I see them finishing anywhere in the top five. I think Liverpool can go win the title but I also think they can finish fifth. I think it’ll be a strong challenge again next year with the same four teams this year plus Manchester United. Manchester United has to come back. They have a new coach, who will invest a lot of money into buying players for the team. I think Liverpool can produce similar football that’s exciting, though at times a little bit reckless, but it’s good to watch. As for the defence department, I think Liverpool was prepared to take those chances. At times they were so exposed when defending because they were so keen on attack, attack, and attack. So I expect an entertaining season again.
What about the new signing Rickie Lambert? Do you feel he will fit in nicely, or will he cause disruption to the rotation already present at Anfield?
No, I think Rickie Lambert will fully understand that he’s third choice striker at Liverpool. It’s Luis Suarez, Daniel Sturridge and then Rickie Lambert. But he will get plenty of games to play, plus he’s a bit different. The strength of Liverpool attacking players at the moment is pace, but Lambert’s strengths are different. It’s his ability to see things and play the right pass at the right time so I think he will fit in ultimately. He is obviously not gonna be the future because he’s already 32 but I like him. I think in an ideal world Brendan Rodgers wants to buy players with good pace, but if he can’t get players with pace then he will want to buy intelligent footballers and Lambert is an intelligent footballer.
Speaking of Lambert being in the thirties, Captain Steven Gerrard is also already in his thirties. But the way he has re-invented himself as a deep lying midfielder, did you see that coming?

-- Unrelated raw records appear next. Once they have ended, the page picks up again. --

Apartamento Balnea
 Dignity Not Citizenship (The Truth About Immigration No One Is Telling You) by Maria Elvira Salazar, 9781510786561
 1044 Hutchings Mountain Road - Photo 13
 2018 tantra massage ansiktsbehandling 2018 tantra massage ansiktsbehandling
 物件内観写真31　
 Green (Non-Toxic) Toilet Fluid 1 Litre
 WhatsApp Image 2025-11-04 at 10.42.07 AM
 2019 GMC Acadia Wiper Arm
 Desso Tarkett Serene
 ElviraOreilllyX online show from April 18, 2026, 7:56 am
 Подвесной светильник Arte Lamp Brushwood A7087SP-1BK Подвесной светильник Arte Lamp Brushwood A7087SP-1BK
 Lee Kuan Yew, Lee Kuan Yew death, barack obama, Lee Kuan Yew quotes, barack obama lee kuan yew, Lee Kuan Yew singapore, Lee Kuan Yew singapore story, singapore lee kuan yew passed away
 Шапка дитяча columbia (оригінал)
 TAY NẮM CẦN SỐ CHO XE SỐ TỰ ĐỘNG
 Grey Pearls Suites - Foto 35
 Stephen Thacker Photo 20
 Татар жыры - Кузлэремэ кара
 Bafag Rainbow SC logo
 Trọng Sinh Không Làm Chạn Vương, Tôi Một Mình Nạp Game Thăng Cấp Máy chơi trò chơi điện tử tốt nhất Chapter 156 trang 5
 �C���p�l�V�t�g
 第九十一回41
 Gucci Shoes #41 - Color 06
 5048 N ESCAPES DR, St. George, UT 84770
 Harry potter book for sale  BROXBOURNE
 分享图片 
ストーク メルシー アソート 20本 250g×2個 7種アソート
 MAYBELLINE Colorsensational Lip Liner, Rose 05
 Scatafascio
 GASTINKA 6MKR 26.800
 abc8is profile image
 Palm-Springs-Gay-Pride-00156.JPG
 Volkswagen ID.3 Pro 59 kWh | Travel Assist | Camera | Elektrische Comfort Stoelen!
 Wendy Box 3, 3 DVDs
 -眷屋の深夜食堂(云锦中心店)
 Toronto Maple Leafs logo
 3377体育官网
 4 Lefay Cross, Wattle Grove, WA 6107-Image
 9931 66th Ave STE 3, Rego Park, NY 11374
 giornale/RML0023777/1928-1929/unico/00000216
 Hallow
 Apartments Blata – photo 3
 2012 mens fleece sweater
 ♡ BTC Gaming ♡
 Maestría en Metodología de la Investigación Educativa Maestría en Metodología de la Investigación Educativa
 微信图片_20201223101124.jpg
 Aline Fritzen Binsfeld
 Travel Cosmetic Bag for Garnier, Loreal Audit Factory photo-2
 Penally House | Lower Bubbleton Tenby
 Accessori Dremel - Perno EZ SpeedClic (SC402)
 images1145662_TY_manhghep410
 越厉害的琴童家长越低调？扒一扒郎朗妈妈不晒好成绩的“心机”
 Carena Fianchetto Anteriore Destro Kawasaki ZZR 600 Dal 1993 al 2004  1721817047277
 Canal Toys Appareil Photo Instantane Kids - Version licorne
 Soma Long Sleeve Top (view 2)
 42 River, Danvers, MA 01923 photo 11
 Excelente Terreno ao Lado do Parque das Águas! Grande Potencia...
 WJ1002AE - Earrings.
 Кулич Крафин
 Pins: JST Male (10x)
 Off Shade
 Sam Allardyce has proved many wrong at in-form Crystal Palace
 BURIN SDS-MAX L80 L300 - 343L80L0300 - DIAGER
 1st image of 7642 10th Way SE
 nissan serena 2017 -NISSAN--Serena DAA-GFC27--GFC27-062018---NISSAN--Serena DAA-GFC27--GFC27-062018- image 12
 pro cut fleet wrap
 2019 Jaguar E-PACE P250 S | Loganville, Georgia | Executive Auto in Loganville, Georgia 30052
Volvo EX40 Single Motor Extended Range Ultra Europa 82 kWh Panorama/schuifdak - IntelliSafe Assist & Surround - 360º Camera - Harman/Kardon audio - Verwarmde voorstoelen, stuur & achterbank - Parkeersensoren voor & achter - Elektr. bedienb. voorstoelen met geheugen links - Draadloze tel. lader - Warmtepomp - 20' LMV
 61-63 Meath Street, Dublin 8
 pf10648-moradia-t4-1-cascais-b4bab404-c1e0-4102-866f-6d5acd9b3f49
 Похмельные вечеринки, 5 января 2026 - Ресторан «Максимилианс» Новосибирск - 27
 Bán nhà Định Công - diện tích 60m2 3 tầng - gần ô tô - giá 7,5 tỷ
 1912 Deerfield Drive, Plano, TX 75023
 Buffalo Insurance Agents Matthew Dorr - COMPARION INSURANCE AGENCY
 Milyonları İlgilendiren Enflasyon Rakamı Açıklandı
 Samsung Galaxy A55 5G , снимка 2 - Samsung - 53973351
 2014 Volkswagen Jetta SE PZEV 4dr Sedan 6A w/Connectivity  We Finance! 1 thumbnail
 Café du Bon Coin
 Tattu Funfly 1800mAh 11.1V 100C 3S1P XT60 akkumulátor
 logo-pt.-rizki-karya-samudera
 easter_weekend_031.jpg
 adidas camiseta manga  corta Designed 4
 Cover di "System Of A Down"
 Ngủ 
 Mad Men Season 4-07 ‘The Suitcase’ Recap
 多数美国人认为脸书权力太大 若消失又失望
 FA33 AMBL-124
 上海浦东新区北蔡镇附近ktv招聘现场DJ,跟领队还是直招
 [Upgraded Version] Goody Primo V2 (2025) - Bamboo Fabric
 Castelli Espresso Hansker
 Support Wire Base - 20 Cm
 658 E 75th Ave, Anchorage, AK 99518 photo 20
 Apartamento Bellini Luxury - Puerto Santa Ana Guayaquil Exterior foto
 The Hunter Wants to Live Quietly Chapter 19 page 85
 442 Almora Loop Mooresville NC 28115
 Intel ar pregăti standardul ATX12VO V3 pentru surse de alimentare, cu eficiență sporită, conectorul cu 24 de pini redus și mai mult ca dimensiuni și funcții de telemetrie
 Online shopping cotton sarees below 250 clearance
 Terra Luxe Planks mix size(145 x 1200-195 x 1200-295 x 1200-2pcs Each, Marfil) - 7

No, I never saw Gerrard playing in the role he’s now playing. I always thought Gerrard would be playing further back, but I never expected him to be playing in the role he’s playing now which is a quarter back like Pirlo. I never thought that he could do that. I thought maybe he could play as a defensive midfielder a bit more like an action man, but he’s really understood the current role and I think it’s down to the manager selling him on it. He sold the role to Gerrard and explained to him that this is how he needs to play and he has enjoyed it. He’s had a super season. And because of that, he can easily play on for two or three more years, which is good news if you are a Liverpool fan.
One last question, Jan. Which young player do you see having a breakthrough season like the one Daniel Sturridge had in Liverpool?
Obviously now everyone knows about all the young players because we can watch them on television all the time, but I think Jordan Ibe is ready. He’s strong, and he’s well suited to play the way Liverpool wants to play. The manager believes in him, athough I don’t think he has as much natural talent as Raheem Sterling. Sterling has slowly proven that he’s going to be a ‘one of a kind’ type of player, but I think Ibe has enough in him to become a major player. I like his prospects, and I think Brendan Rodgers really likes him.